Thursday, June 08, 2006

Brain Injury and Psychiatric Symptoms

Abstract: Clients who are thought to have psychiatric illness, like depression or problems with concentration, may have traumatic brain injury. Psychiatric treatment may relieve some symptoms but there may be over riding issues that need to be addressed to assure that appropriate treatment is being provided.

I just read in the January 7,2006 USA today, about a soldier in Iraq who suffered a concussion after a bomb explosion. It was the third time in his life that he had suffered a concussion. The article quotes Deborah Warden, who is the director of the Defense and Veterans Brain Injury Center, which is part of the Department of Veterans Affairs and the Pentagon as saying that although mild brain injuries may not cause severe damage, repeated injuries could cause permanent damage. The article reports that symptoms of brain damage are: “slow thinking, headaches, memory loss, sleep disturbance, attention and concentration deficits and irritability”.

This article brings to mind client that I evaluate from time to time. One particular client, a 28 year old male, who was divorced from his wife, walked in asking for a psychiatric evaluation. He said he was sad. He lives in the area but reports that he is continually confused, he has memory problems, is slow thinking and acts bizarrely. He just wanted to feel happy again.
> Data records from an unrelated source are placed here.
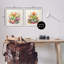 «Desert Spring Cactus Flowers», ensemble de 2 giclées par Andrea Haase-1415564698-1415564770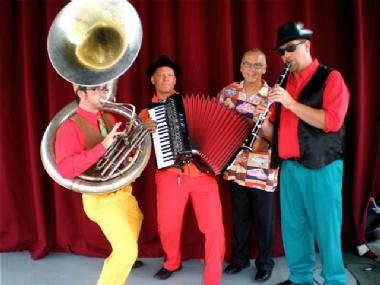 Polka Kings, german entertainers in Sydney, photo 2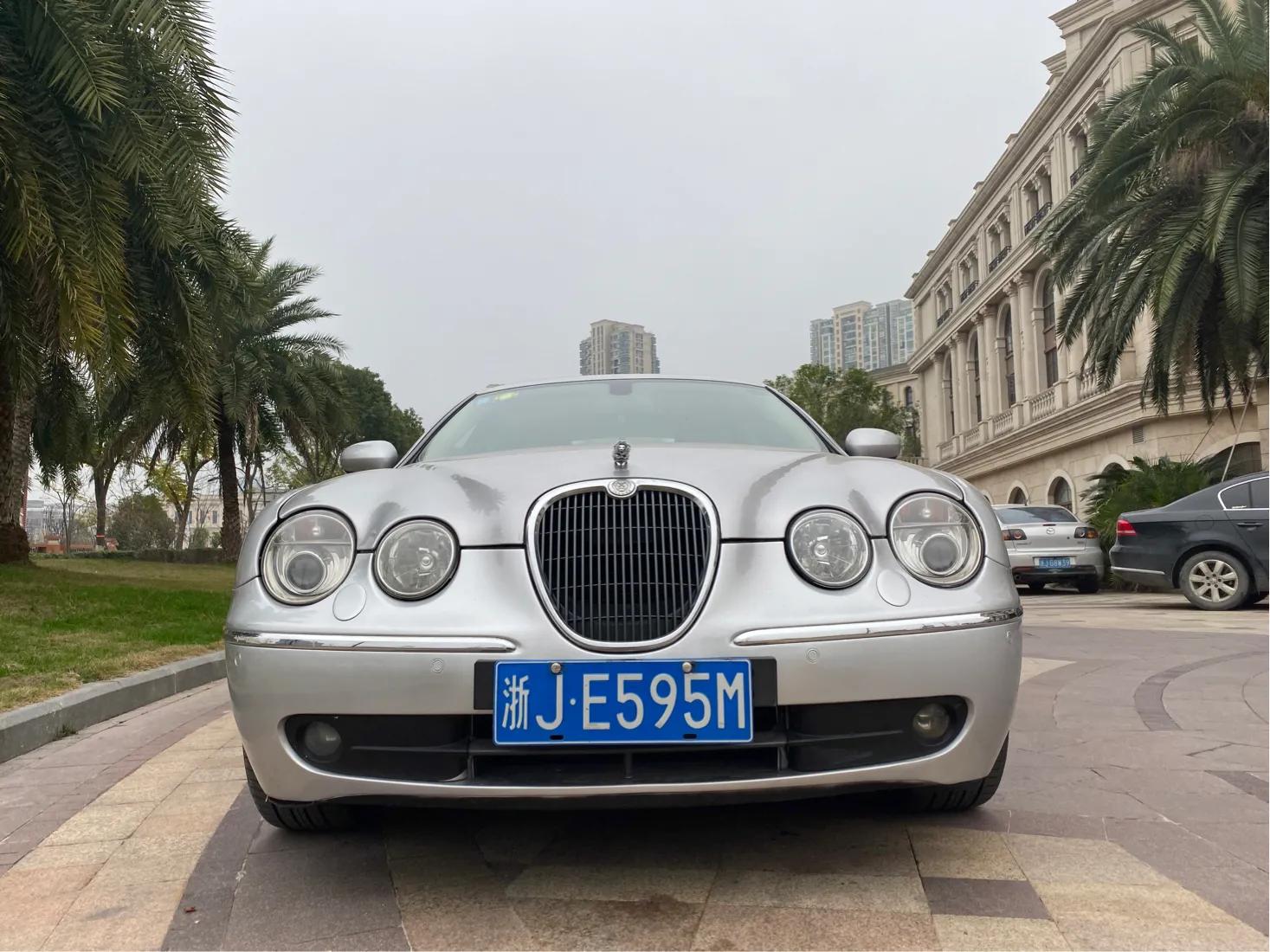 捷豹s-type前期和后期什么区别,捷豹s-type历史车型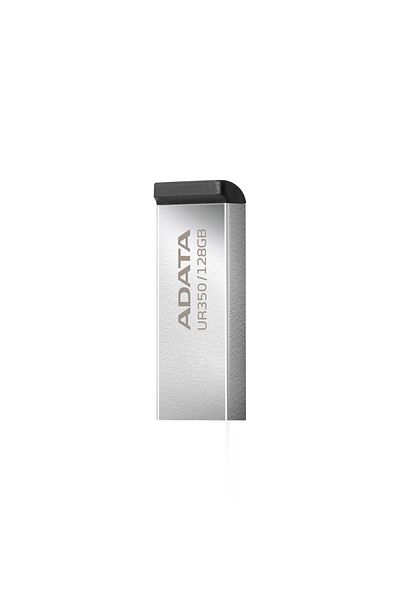 Adata USB 3.2 Flash Drive 128GB, Negru UR350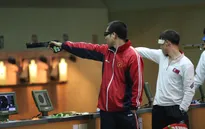 Bắn súng Việt Nam bận rộn trong năm 2015
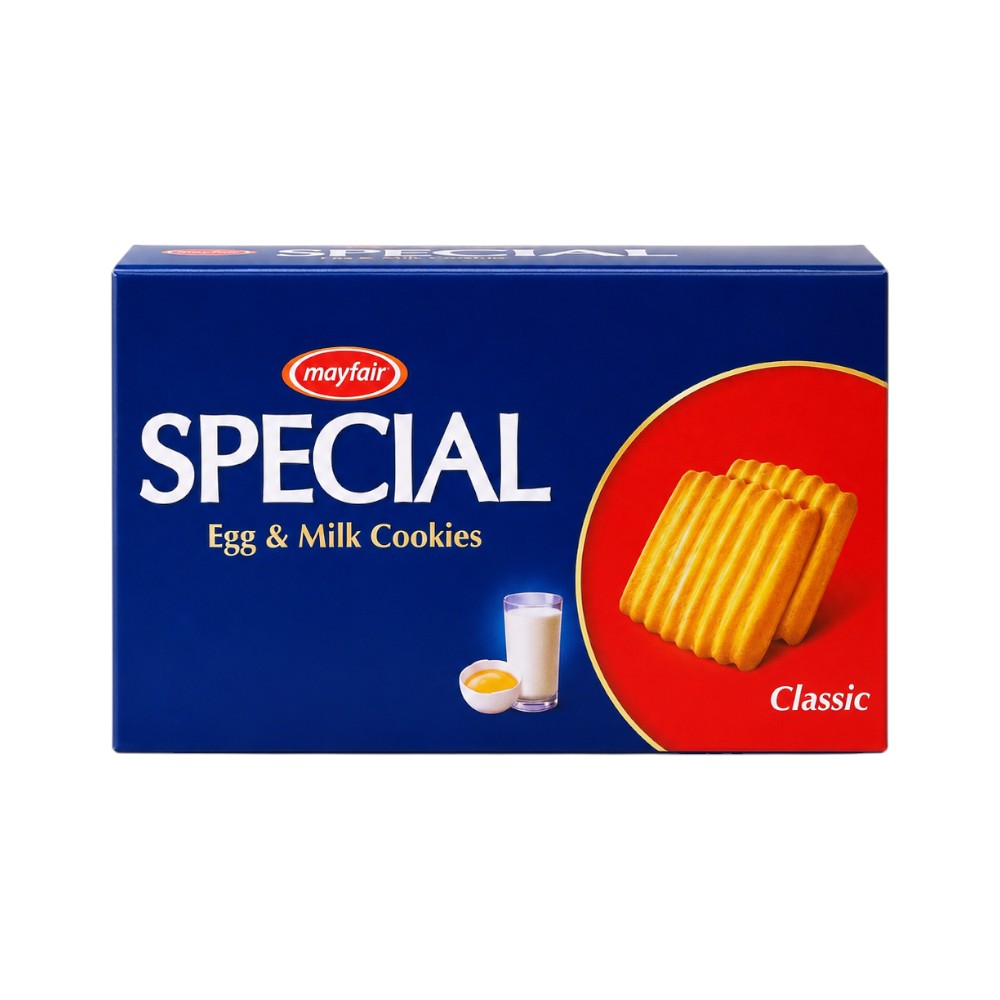MAYFAIR SPECIAL CLASSIC JUMBO ROLL 6 PCS BOX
He is well noted in the clinic, because a young female case worker was attempting to assist him with obtaining health benefits and the patient asked her out and when she told him she couldn’t because it would be inappropriate, he persisted, to the point where I needed to intervene. During his evaluation I learned that the patient suffered a head injury when he was a child and was struck in the head with a back hoe when he was working in construction a few years ago. Then, his symptoms appeared to become much more severe when he was in a car accident and struck his head on the wind shield. These separate events were evaluated and the patient reports that he was never advised that his injuries had caused mental defects. When his father came in for a follow up evaluation; the father was surprised that the patient was being considered for psychological testing and a neurological evaluation. The father told me, “He’s always so sad and angry, but we just thought he was depressed.”

Summary: Psychiatric professionals should evaluate for any history of brain injuries when evaluating clients. All to often, I find that due to a variety of issues, questions about brain trauma, head aches and seizures are not asked and this could be a serious dis-service to the client. It could result in inaccurate or inappropriate treatment.